**Data for review:**
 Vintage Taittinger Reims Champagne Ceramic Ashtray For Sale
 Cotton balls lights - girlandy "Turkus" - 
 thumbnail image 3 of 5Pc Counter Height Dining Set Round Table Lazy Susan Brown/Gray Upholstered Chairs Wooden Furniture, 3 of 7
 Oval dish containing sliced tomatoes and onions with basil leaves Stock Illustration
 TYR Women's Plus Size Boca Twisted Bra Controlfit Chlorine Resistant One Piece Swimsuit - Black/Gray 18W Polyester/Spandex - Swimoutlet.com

---

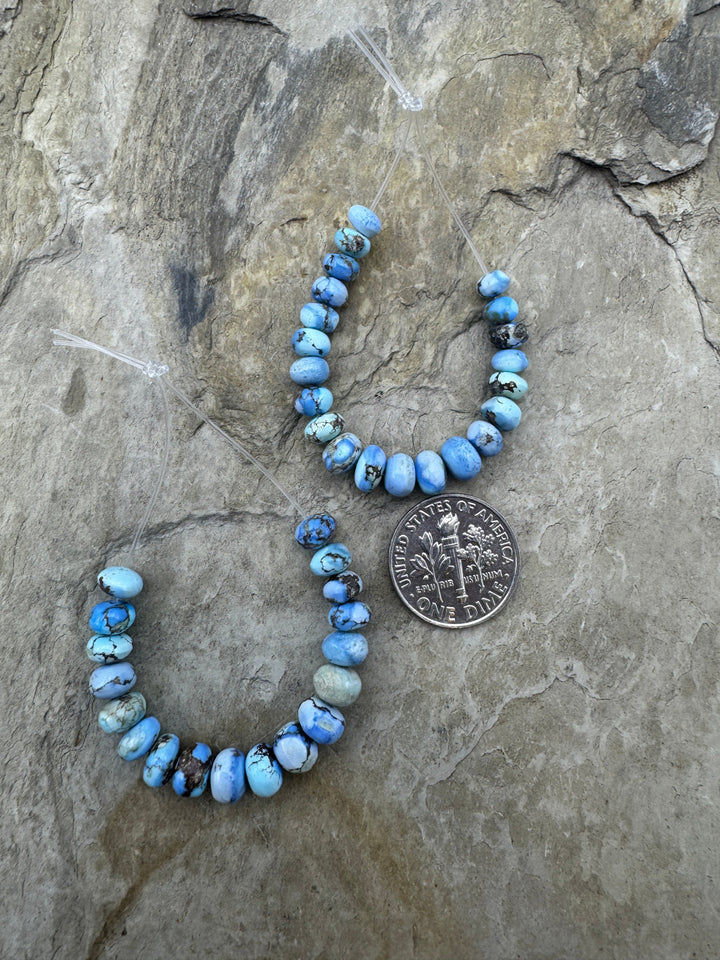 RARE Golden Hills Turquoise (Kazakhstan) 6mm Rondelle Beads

**What you are asked to do:** Reproduce every line of the records containing the string "Gray".

**Result:**
 thumbnail image 3 of 5Pc Counter Height Dining Set Round Table Lazy Susan Brown/Gray Upholstered Chairs Wooden Furniture, 3 of 7
 TYR Women's Plus Size Boca Twisted Bra Controlfit Chlorine Resistant One Piece Swimsuit - Black/Gray 18W Polyester/Spandex - Swimoutlet.com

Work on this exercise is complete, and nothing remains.